- Directed by: John Gilling
- Written by: John Gilling
- Produced by: Sam Lee Roger Proudlock
- Starring: Maureen Riscoe John Barry Charles Clapham Ivan Craig
- Cinematography: S.D. Onions
- Music by: George Melachrino
- Production company: Vandyke Productions
- Distributed by: Grand National Pictures
- Release date: December 1949;
- Running time: 59 minutes
- Country: United Kingdom
- Language: English

= A Matter of Murder =

A Matter of Murder is a 1949 British second feature ('B') crime film directed and written by John Gilling and starring Maureen Riscoe, John Barry, Charles Clapham, Ian Fleming and John Le Mesurier.

== Plot ==
Mild-mannered bank clerk Geoffrey Dent is persuaded by his nagging, gold-digging girlfriend, Laura, to embezzle money. When an attempt is made on Laura's life, Geoffrey runs away with the cash to avoid being blamed.
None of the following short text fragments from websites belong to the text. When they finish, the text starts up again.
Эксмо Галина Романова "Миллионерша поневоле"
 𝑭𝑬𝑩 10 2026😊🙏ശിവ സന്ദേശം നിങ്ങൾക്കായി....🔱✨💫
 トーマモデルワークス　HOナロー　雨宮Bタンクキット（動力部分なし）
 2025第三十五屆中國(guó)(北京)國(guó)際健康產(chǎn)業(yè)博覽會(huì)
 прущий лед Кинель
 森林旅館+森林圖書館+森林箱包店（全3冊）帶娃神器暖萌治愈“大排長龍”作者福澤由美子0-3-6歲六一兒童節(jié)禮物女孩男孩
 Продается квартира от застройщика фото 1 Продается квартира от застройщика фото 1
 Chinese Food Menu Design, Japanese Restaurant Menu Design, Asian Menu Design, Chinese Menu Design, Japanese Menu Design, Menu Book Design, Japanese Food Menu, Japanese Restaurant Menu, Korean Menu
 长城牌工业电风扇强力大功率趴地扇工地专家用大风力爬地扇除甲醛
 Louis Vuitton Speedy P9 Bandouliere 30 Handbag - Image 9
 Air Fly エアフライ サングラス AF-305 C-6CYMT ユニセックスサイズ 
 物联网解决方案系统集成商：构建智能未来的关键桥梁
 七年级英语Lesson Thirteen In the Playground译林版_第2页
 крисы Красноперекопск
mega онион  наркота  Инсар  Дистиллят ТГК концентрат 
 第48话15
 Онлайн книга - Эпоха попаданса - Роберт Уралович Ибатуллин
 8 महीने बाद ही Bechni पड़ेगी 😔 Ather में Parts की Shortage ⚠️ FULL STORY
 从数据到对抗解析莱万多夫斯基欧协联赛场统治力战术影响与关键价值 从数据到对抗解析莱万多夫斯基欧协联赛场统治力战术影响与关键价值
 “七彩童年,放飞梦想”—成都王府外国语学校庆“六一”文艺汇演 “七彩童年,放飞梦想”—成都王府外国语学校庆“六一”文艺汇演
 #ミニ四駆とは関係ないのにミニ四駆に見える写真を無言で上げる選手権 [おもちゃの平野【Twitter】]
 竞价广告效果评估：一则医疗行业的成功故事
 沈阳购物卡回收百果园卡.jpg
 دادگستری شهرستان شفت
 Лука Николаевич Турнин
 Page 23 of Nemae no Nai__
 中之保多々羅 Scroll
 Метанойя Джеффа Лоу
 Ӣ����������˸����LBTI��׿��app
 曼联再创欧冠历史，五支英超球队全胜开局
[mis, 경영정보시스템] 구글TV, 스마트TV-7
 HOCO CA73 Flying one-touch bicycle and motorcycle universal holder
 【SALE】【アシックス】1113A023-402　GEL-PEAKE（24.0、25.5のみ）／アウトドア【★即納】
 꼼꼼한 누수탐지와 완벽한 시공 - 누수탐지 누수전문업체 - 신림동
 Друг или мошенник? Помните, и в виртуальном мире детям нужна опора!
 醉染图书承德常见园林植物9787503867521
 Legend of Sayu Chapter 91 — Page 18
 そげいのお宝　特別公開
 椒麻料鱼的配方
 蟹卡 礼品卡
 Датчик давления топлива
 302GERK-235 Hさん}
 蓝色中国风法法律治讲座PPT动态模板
With the killer and a detective hot on his heels, Geoffrey hides out in a Cheltenham boarding house, where he becomes the murderer's next intended victim.

==Cast==
- John Barry as Geoffrey Dent
- Maureen Riscoe as Julie McKelvin
- Charles Clapham as Col Peabody
- Ivan Craig as Tony
- Ian Fleming as Det Sgt McKelvin
- John Le Mesurier as Ginter
- Sonya O'Shea as Laura Wilson
- Peter Madren as Sgt Bex
- Sam Lee as Cullen
- Blanche Fothergill as Miss Budge
- Tony Doonan as Suspect (uncredited)

== Production ==
The film was made by Vandyke Productions at Viking Studios, and on location at a former girls' school in Kensington dressed as a boarding house, and Paddington Station.

== Reception ==
Kine Weekly wrote: "Stilted acting and dialogue remove the edge from many intended thrills. Very moderate quota offering."

Picturegoer wrote: "Characters are drawn from stock, with a provincial boarding house setting, and the drama as a whole is most ingenuous. Maureen Riscoe is quite good as the heroine, but the rest of the cast hardly comes up to scratch."

In British Sound Films: The Studio Years 1928–1959 David Quinlan rated the film as "mediocre", writing: "Tatty programme-filler."